YOUR GOAL
Locate the word "Hotel" in the data below, then copy every line that holds it.

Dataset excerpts
======

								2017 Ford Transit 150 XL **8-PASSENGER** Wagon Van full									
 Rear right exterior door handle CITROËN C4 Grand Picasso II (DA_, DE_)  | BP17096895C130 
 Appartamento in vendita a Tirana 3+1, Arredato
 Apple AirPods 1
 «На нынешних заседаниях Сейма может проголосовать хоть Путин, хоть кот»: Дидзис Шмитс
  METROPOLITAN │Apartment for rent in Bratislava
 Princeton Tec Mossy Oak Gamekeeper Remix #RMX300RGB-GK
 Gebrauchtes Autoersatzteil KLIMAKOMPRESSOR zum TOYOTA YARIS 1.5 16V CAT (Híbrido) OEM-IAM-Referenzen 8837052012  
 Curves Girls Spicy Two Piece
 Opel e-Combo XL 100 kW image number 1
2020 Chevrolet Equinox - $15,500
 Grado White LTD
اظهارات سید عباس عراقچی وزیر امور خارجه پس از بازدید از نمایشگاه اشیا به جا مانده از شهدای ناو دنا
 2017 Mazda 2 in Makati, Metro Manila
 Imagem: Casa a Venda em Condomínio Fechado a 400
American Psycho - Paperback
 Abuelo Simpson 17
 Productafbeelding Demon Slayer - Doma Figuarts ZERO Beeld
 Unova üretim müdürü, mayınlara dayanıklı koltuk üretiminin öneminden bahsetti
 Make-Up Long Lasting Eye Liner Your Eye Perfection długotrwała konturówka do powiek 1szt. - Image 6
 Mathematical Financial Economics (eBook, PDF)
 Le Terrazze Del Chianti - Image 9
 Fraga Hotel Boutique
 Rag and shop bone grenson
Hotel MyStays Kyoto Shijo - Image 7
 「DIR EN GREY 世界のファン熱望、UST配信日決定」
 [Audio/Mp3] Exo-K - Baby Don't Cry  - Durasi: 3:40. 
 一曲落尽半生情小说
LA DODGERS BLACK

======

TASK OUTPUT
 Fraga Hotel Boutique
Hotel MyStays Kyoto Shijo - Image 7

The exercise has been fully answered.